Brief:
Please set down the data again exactly, minus the pictures.

Supplied material:
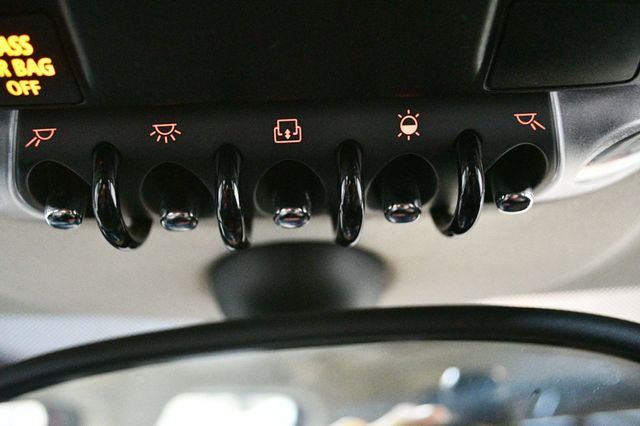 2013 MINI Cooper S Countryman  - 22962898 - 47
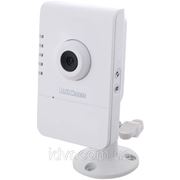 IP камера - Brickcom - WCB-100AE (3.6mm, 1MP)
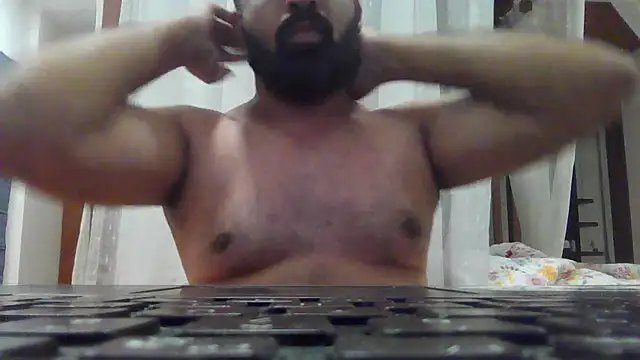 Snapshot of deltaforce1987 chatting on December 2024 06:10:01 PM deltaforce1987 online show from December 2024 06:10:01 PM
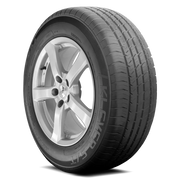 Kenda Klever S/T (KR52) 235/50R19 99V BSW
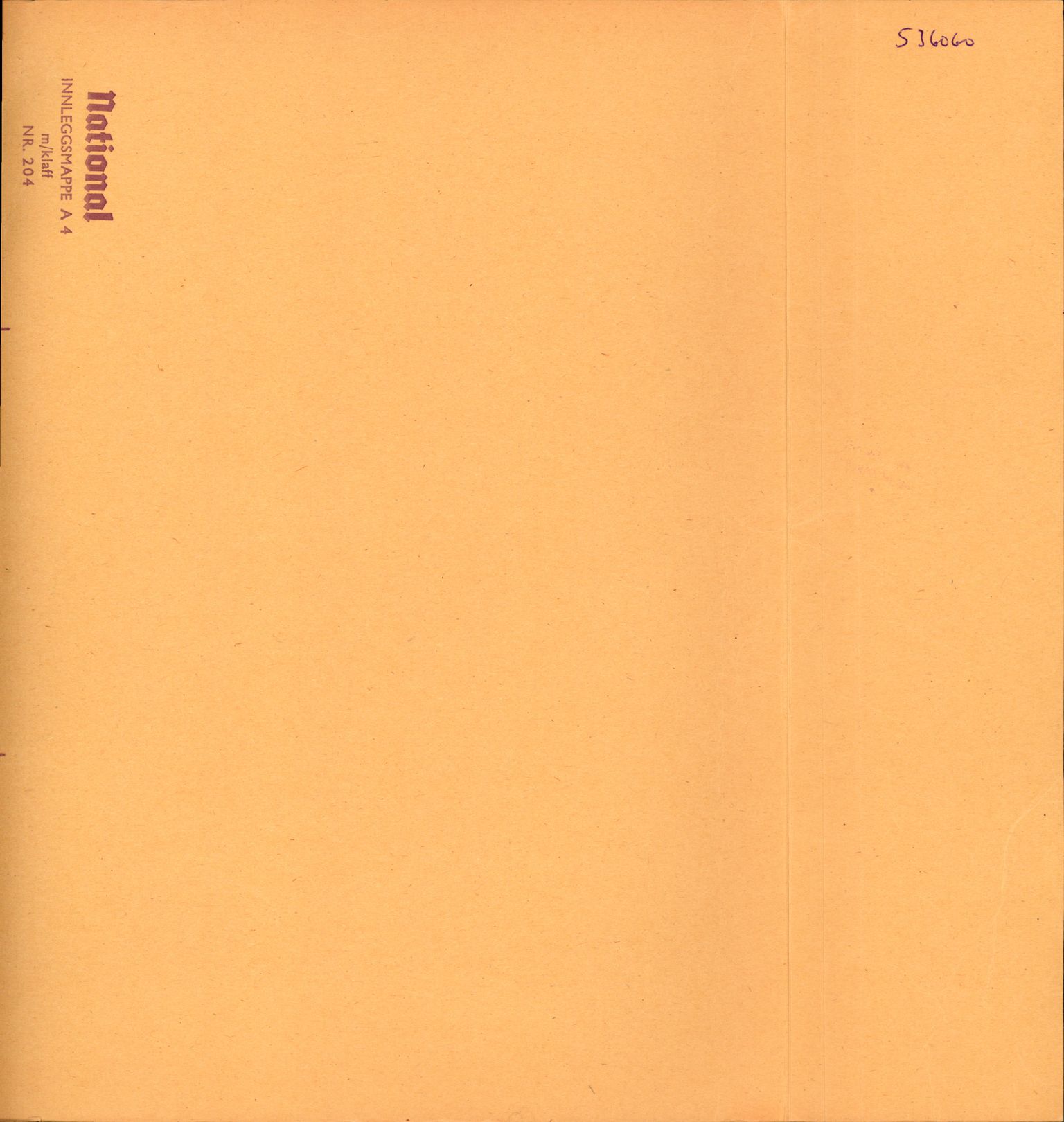 Stavanger byfogd, AV/SAST-A-101408/002/J/Jd/Jde/L0084: Registreringsmeldinger og bilag. Aksjeselskap, 1798-1832, 1979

Answer section:
 2013 MINI Cooper S Countryman  - 22962898 - 47
 IP камера - Brickcom - WCB-100AE (3.6mm, 1MP)
 Snapshot of deltaforce1987 chatting on December 2024 06:10:01 PM deltaforce1987 online show from December 2024 06:10:01 PM
 Kenda Klever S/T (KR52) 235/50R19 99V BSW
 Stavanger byfogd, AV/SAST-A-101408/002/J/Jd/Jde/L0084: Registreringsmeldinger og bilag. Aksjeselskap, 1798-1832, 1979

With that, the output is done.